Jacques Louis Aumont Bertholde, vierter Marquis von Chatellerault.
Es war eine Akte, wie es so viele andere Akten über die Superreichen gab. Erschöpfende Einzelheiten über den Familienstammbaum. Die Positionen und Titel eines jeden einzelnen Familienmitglieds im Geschäftsleben der Regierung und der Gesellschaft, über mehrere Generationen hinweg – alles höchst eindrucksvoll und für jeden Außenstehenden völlig bedeutungslos. Die Bertholde-Besitzungen – gigantisch – in erster Linie, so wie Elizabeth Scarlatti gesagt hatte, innerhalb der britischen Territorien. Die Ausbildung der fraglichen Person und sein darauffolgender Aufstieg in der Geschäftswelt. Seine Klubs – alle sehr korrekt. Seine Hobbies – Automobile, Pferdezucht, Hunde – ebenfalls korrekt. Die Sportarten, in denen er sich hervorgetan hatte – Segeln, das Matterhorn und die Jungfrau – nicht nur korrekt, sondern auch reizvoll und äußerst passend. Und schließlich die Einschätzung seines Charakters. Der interessanteste Teil und doch derjenige, den die meisten zu vernachlässigen pflegten. Gewöhnlich stammten die schmeichelhaften Beiträge von Freunden oder
Geschäftspartnern, die sich davon einen Vorteil erhofften. Nicht schmeichelhafte Beiträge andererseits stammten von Feinden oder Konkurrenten, die seine Position untergraben wollten.

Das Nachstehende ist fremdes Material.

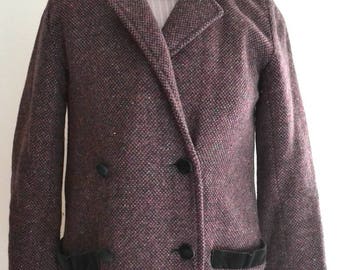 SALE Was 30 NOW 25 Vintage purple wool long length maxi coat Small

Canfield holte einen Bleistift heraus und machte zwei Anmerkungen in der Akte.
Die erste auf Seite 18, Absatz 5. Er tat das abgesehen davon, daß dieser Abschnitt deplaziert wirkte – unattraktiv – und den Namen einer Stadt enthielt, von der Canfield sich erinnerte, daß sie auf Ulster Scarletts europäischer Reiseroute gelegen hatte.
>Die Bertholde-Familie besitzt ausgedehnte Interessen im Ruhrgebiet, die einige Wochen vor dem Mord von Sarajewo an das deutsche Finanzministerium verkauft wurden. Die Bertholde-Büros in Stuttgart und Pullach wurden geschlossen. Der Verkauf führte in französischen Geschäftskreisen zu einigen unfreundlichen Kommentaren, und die Familie Bertholde wurde von den Generalstaaten und in zahlreichen Zeitungsartikeln kritisiert. Vorwürfe, daß irgendwelche Unregelmäßigkeiten vorgekommen seien, unterblieben auf die Erklärung hin, daß das deutsche Finanzministerium einen exorbitanten Preis bezahlt hätte. Diese Behauptung ist bewiesen. Nach dem Krieg wurden die Interessen an der Ruhr von der Weimarer Regierung zurückgekauft, die Büros in Stuttgart und Pullach wieder eröffnet. <
Der zweite Hinweis auf Seite 23, Paragraph 2, bezog sich auf eine der erst kürzlich gegründeten Gesellschaften Bertholdes, und enthielt die folgenden Informationen: >Die Partner des Marquis de Bertholde in der Importfirma sind Mr. Sydney Masterson und Mr. Harold Leacock...<
Masterson und Leacock.
Beide standen auf der Züricher Liste. Jeder besaß eines der vierzehn Anwesen in der Schweiz.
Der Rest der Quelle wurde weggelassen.